Sister Kay spoke to students during the Upper School morning meeting on Tuesday, October 10, and that evening, was the guest of honor at a dinner held in the Sharon Room at the Fonseca Center. At the dinner, current students and alumnae/i who participated in the Jonestown service trips shared their reflections on the experience. Among the guests was Amy Atlee, former Community Service Director, who helped plan the trips for many years.
Every year, a group of Masters students and faculty members travels to Jonestown during spring break to work with Sister Kay on home repair and other projects. In her talk on Tuesday, Sister Kay said that 23 groups from Masters have helped out in Jonestown since the 1990s — the most from any school.
The Masters volunteers have worked on many homes that needed plumbing and electrical work and other improvements, and were instrumental in helping to build a track and a softball field, said Sister Kay.
The School has also sponsored numerous Jeans Day fundraisers for Jonestown over the years. The money raised from these fundraisers has enabled participants in a Jonestown youth program to take field trips during the summer, according to Sister Kay. During one trip, she said, Jonestown youngsters visited a school attended by Thurgood Marshall, who was instrumental in ending legal segregation and became the first African American justice of the Supreme Court.
Masters’ Jonestown service learning program was launched in 1995 at the suggestion of then-Head of School Pamela Clarke, who had done volunteer work in the community with an outside organization.
When visiting Jonestown, Masters students live communally with Sister Kay and other nuns, sharing the cooking and cleaning responsibilities.
Sister Kay has lived and worked in Jonestown since the early 1980s, focusing on improving educational and social programs, as well as the general quality of life.
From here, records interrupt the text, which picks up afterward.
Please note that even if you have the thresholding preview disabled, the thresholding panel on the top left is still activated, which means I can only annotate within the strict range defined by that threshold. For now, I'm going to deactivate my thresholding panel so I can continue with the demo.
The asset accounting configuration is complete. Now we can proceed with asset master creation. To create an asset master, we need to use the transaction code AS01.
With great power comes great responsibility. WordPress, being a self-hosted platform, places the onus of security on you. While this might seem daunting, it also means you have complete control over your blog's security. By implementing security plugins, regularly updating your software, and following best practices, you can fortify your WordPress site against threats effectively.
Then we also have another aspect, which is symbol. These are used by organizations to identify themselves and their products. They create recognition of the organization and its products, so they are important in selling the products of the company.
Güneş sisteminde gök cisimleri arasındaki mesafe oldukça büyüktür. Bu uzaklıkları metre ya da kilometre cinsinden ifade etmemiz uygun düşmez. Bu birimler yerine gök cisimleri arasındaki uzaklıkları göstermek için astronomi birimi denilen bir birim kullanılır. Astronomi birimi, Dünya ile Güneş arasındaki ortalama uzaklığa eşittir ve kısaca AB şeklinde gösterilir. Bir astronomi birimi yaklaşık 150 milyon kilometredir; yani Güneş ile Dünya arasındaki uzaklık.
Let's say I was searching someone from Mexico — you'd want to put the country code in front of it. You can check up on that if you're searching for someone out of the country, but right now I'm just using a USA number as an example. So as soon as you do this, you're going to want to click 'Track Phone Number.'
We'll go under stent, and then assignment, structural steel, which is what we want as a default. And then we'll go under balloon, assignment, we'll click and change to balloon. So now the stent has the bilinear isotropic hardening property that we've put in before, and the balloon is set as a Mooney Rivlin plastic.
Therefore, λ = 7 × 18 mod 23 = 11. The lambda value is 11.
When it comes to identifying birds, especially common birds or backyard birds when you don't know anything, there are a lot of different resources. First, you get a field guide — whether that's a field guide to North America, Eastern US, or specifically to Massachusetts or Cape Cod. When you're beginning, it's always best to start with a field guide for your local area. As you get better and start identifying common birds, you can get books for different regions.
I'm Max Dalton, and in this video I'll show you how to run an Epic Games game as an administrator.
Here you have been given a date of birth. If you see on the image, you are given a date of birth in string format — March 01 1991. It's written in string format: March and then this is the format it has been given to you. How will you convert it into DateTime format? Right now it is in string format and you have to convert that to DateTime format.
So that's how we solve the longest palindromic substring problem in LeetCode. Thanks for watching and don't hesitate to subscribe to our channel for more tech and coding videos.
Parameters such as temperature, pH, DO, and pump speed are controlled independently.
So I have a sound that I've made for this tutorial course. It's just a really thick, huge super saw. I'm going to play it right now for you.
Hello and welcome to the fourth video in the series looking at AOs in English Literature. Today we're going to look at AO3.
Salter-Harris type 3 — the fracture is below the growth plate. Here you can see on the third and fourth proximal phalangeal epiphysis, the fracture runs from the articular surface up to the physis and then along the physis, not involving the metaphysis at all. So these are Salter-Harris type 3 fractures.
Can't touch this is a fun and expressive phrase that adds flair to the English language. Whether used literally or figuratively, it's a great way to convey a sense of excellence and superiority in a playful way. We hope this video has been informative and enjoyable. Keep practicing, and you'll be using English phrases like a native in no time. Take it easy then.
She identifies projects for the Masters volunteers to tackle each year, such as cleaning, painting, landscaping, installing shelves and building wheelchair ramps at the homes of Jonestown residents.
Jonestown has been designated as one of the poorest towns, in one of the poorest states. Many residents were formerly employed in seasonal agricultural jobs, but have been replaced by machines and fallen into the cycle of poverty.